Your Wi-Fi router can soon help to monitor your breathing as you sleep at night as well as detect a fall if you are alone at home, by simply using the radio waves that it uses to blanket the house.
At the CES 2020 show last week, Linksys showed off one of the coolest demos with its Linksys Wellness Pods that help monitor these interactions at home.
The wireless technology, created by its partner Origin Wireless, basically detects any changes in the radio waves that are flowing through your home.
A little like radar or sonar? Well, that’s over-simplifying things because there is a lot of artificial intelligence (AI) involved in understanding these minute changes.
Essentially, if you fall to the ground suddenly, this will be reflected in the fluctuations in the signal, which are detected by the small palm-sized Linksys Wellness Pods.

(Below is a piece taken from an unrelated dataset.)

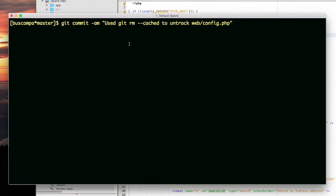Here's what I did. I ran the git rm cached command on the file web config.php. I did that because I don't want that file to be tracked by my repository.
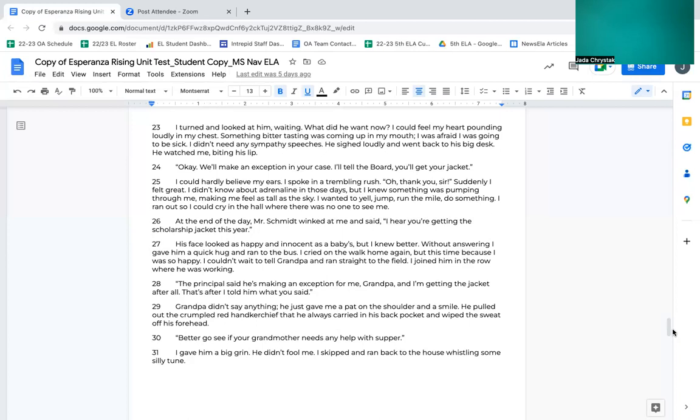At the end of the day, Mr. Schmidt winked at me and said, I hear you're getting the scholarship jacket this year. His face looked as happy and innocent as a baby's, but I knew better. Without answering, I gave him a quick hug and ran to the bus. I cried on the walk home again, but this time because I was so happy. I couldn't wait to tell Grandpa and ran straight to the field. I joined him in the road where he was working. The principal said he's making an exception for me, Grandpa, and I'm getting the jacket after all. That's after I told him what you said. Grandpa didn't say anything. He just gave me a pat on the shoulder and smiled. He pulled out the crumpled red handkerchief that he always carried in his back pocket and wiped the sweat off his forehead. Better go see if your grandmother needs any help with supper. I gave him a big grin. He didn't fool me. I skipped and ran back to the house, whistling some silly tune.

They work in concert with Linksys’ regular Velop Tri-band Wi-Fi mesh nodes, which also link you up to the Internet throughout your home. The additional workload of monitoring your wellness doesn’t impact on your download speeds, Linksys promises.
At a demo in Las Vegas last week, an Origin Wireless executive walked into a bathroom and mimicked a fall. Immediately, the change in the signals triggered an alert in the system.
You can also extend the uses to other wellness tasks, say, by listening to your breathing patterns at night when you sleep. If you have sleep apnea, the Linksys gear promises to detect irregular breathing patterns, especially the tell-tale signs like brief stops in breathing.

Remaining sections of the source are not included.